| GIVEN MATERIAL |
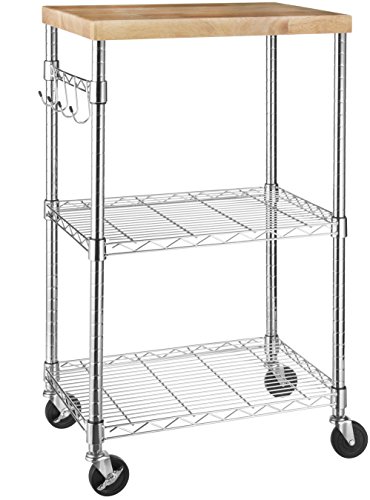 Amazon Basics Kitchen Storage Microwave Rack Cart on Caster Wheels with Adjustable Shelves, 175-Pound Capacity – Chrome/Wood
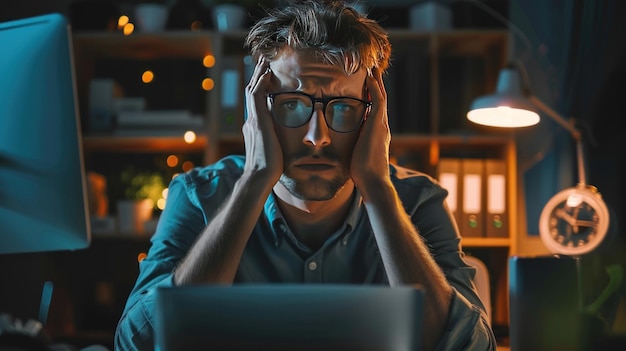 Photo an office worker who works late and looks stressed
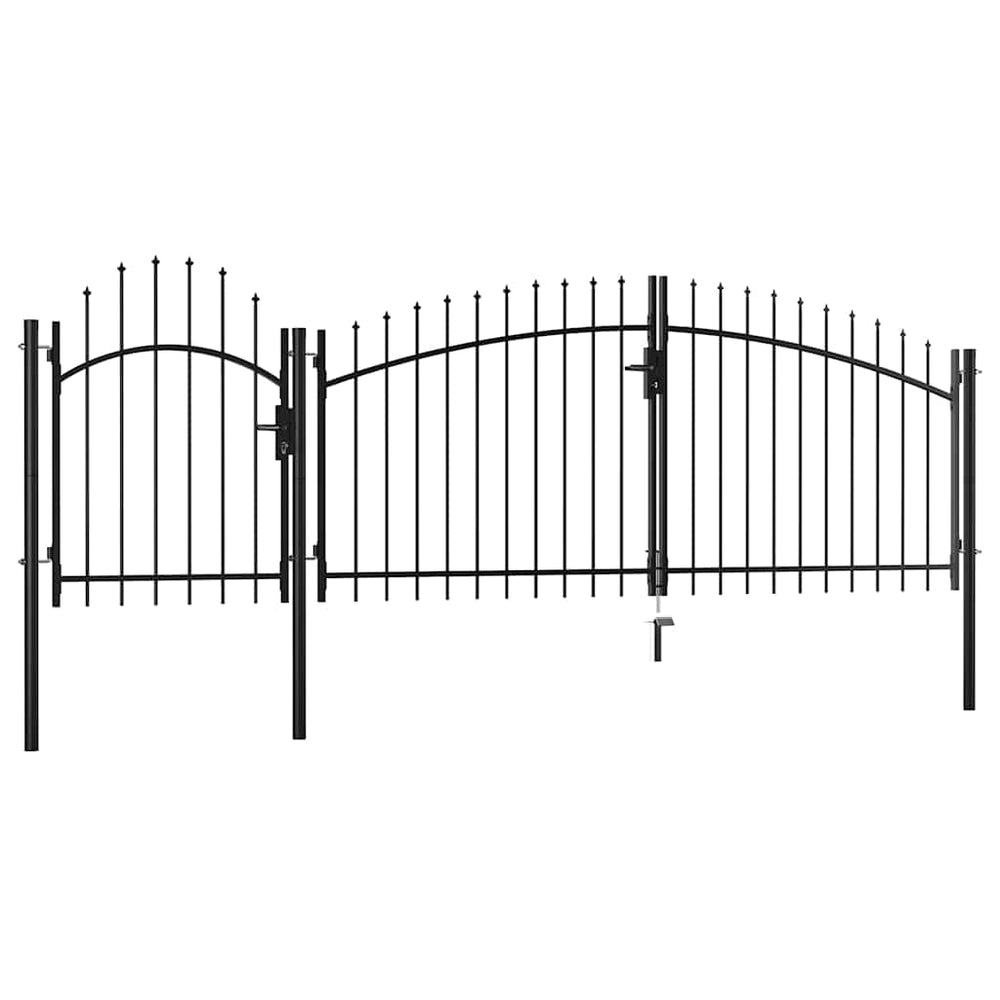 vidaXL Garden Gate Woerden Steel 1.5 x 4 m Black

| REQUIREMENT |
Once the pictures are set aside, output the whole listing exactly.

| WRITTEN RESPONSE |
 Amazon Basics Kitchen Storage Microwave Rack Cart on Caster Wheels with Adjustable Shelves, 175-Pound Capacity – Chrome/Wood
 Photo an office worker who works late and looks stressed
 vidaXL Garden Gate Woerden Steel 1.5 x 4 m Black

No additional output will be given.